Une discipline rigoureuse s'impose
Pour éviter des dettes élevées de consommation d'énergie électrique et d'eau, le gouvernement doit s'imposer une discipline rigoureuse en édictant des instructions fermes à l'endroit des services publics pour lesquels il paie les factures à la Snel et à la Regideso. Car, s'il faut voir la manière dont le courant électrique et l'eau sont consommés par ces services, il y a de quoi s'indigner.
A ce propos, il importe de stigmatiser la mauvaise pratique constatée dans beaucoup de ministères et de services qui autorisent les propriétaires des restaurants de fortune vulgairement appelés malewa, ceux des débits de boissons, les réparateurs des pneus connus sous l'appellation des quados, à consommer l'électricité et l'eau dans leurs installations. De telles consommations augmentent la facture à payer à ces deux sociétés. Désormais, un contrôle rigoureux s'impose pour mettre fin à ces viles pratiques qui ont un impact négatif sur la trésorerie publique. Toute autorité qui enfreindrait cette mesure gouvernementale doit être sanctionnée sévèrement.
De même que le gouvernement est appelé à s'acquitter de ses dettes vis-à-vis de la Snel et de la Regideso, de même ces deux entreprises ont l'obligation de rendre transparente leur gestion tant financière qu'administrative. Sur le plan financier, il y a à boire et à manger sur la manière dont les recettes générées par le paiement des factures des clients sont utilisées. À voir comment les tuyaux sont perforés pendant plusieurs jours ou semaines sans qu'ils soient remplacés, il y a lieu d'interroger les responsables de cette société sur l'affectation des sommes perçues.
Sur le plan administratif, la gestion du personnel pose un problème sérieux. Il est inadmissible de constater qu'une entreprise de caractère hautement technique compte plus d'agents administratifs que des techniciens, notamment les ingénieurs, les plombiers, les mécaniciens,...

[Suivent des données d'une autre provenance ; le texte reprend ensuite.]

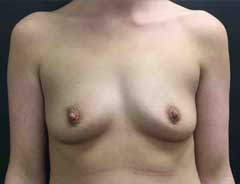 Front View, Breast Augmenation, before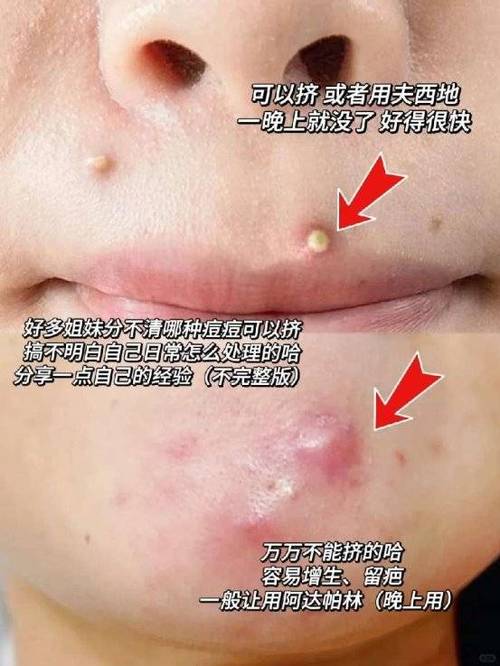 青春痘里面是什么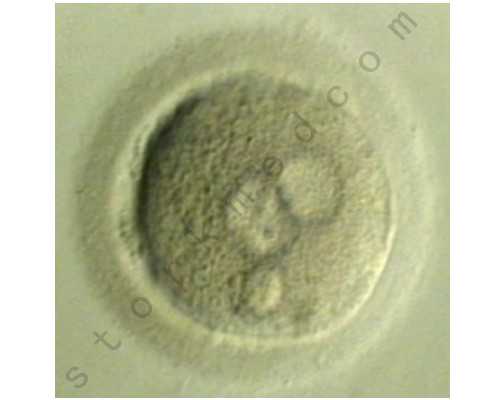 供卵要多少钱_靠谱的供卵中心,北京供卵试管正规的试管医院，内附供精供卵价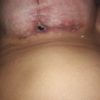 Consecuencias de seroma en mi mastopexia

Un autre mal concerne la présence d'une catégorie d'agents appelés "journaliers" qui arrivent à prester pendant plusieurs années sans qu'ils soient engagés de manière statutaire.
Curieusement, la Snel est butée pratiquement aux mêmes contraintes financières et administratives que la Regideso. La conséquence est que ces deux entreprises n'arrivent pas à offrir comme il se doit des services sociaux à la population. C'est pourquoi d'ailleurs, la plupart des Congolais souhaitent leur privatisation dans l'espoir de bénéficier des services dignes qui les mettent à l'abri des désagréments qu'ils connaissent au quotidien.